Vous soulignez à plusieurs reprises dans votre rapport combien nous sommes dépendants de l’avancement des travaux de la Commission européenne pour légiférer sur ce sujet. Vous indiquez que les plateformes doivent être régulées dans leur rôle de prescripteur, mais également que définir un régime de responsabilité propre au droit français risquerait de nuire à la compétitivité des opérateurs français.

L’engagement avec les plateformes dans une démarche d’automatisation des procédures fiscales et sociales – c’est votre proposition n° 14 – est mis en œuvre aux États-Unis. C’est une très bonne idée, à condition de mettre en place un système simple pour tous et de faire en sorte que les autres pays nous suivent. En effet, imposer une transmission à l’administration fiscale pose la question des plateformes domiciliées à l’étranger. Où en est le travail sur ce sujet au niveau européen ? Que pouvons-nous attendre de la Commission européenne et dans quel délai ?

M. Jean-Claude Mathis. Monsieur Pascal Terrasse, vous soulignez dans votre rapport que les plateformes doivent contribuer à la solidarité nationale. Dans ce cadre, l’administration doit faire une nette distinction entre les particuliers et les professionnels, mais également clarifier les obligations de chacun. Pouvez-vous nous en dire plus à ce sujet ? Combien de plateformes de ce type sont en place ?

Mme Pascale Got. Merci, monsieur Pascal Terrasse, pour ce rapport.

Vous envisagez la constitution de territoires collaboratifs expérimentaux. Pouvez-vous nous en dire davantage sur les modalités de leur mise en œuvre ? Faut-il aller plus loin que le coworking ? Quelles seraient les conditions d’éligibilité ? Et dans quel délai ces expérimentations pourraient-elles être menées ?

Pour les locations via les plateformes, il y a une forte demande d’immatriculation pour l’identification et le contrôle. Cela est-il adapté à l’économie collaborative ?

Enfin, les prélèvements à la source existent déjà en matière de taxes de séjour pour certaines plateformes étrangères. Avez-vous renoncé au prélèvement fiscal à la source ?

Mme Laure de La Raudière. Merci, monsieur Pascal Terrasse, de ce travail.

Vos premières propositions s’inscrivent dans une logique de réglementation franco-française. Je ne pense pas que ce soit la bonne méthode à l’ère du numérique, car réglementer a priori risque de tuer de potentielles innovations dans notre pays. La proposition n° 4, par exemple, risque d’aboutir à brider l’économie. Dans un domaine où les utilisateurs s’approprient très largement les innovations, il faudrait passer de cette logique de réglementation a priori à une logique de contrôle a posteriori. Avez-vous mené une étude d’impact des mesures proposées dans votre rapport ? Avez-vous réalisé un benchmark en matière de réglementations européennes, notamment au regard des nouvelles dispositions du projet de loi pour une République numérique ?
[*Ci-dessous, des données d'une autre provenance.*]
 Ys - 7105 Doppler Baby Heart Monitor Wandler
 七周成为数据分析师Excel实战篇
M. Hervé Pellois. Cher collègue, merci pour ce rapport.

Vous estimez nécessaire, d’une part, de prendre en compte les périodes d’activité sur les plateformes dans le cadre de la validation des acquis de l’expérience, et, d’autre part, de faire évoluer le télétravail – les droits des télétravailleurs, leurs obligations, le droit à la déconnexion. Cela nécessiterait des discussions avec les partenaires sociaux, notamment dans le cadre des réflexions sur le code du travail. Des travaux, sur lesquels pourraient s’appuyer les véhicules législatifs à venir ; ont-ils été réalisés en ce sens ?

Mme Marie-Lou Marcel. À mon tour, monsieur Pascal Terrasse, je tiens à souligner la qualité de votre travail.
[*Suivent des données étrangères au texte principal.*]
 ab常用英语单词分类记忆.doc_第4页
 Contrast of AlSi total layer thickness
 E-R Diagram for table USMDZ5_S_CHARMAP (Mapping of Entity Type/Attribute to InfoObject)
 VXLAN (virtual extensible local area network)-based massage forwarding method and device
Une part importante de votre rapport est consacrée au statut des acteurs de l’économie collaborative. Votre proposition n° 5 consiste à poursuivre la convergence entre la protection sociale des indépendants et celle des salariés. Vous évoquez le rapport de nos collègues Fabrice Verdier et Sylviane Bulteau sur le fonctionnement du régime social des indépendants (RSI), en rappelant deux propositions : l’extension du temps partiel thérapeutique aux travailleurs indépendants et la suppression des cotisations minimales d’assurance maladie. Vous suggérez d’aller plus loin afin que le niveau des garanties sociales ne constitue pas un frein aux mobilités professionnelles entre activité salariée et activité indépendante. S’il est important de renforcer les droits des indépendants et de les aligner sur les droits des salariés, n’y a-t-il pas un risque de voir des salariés perdre certains de leurs droits au nom de cette mobilité entre activité salariée et activité indépendante ? Quel est votre point de vue sur ces questions de l’harmonisation des droits et de la mutation du salariat et du travail indépendant ?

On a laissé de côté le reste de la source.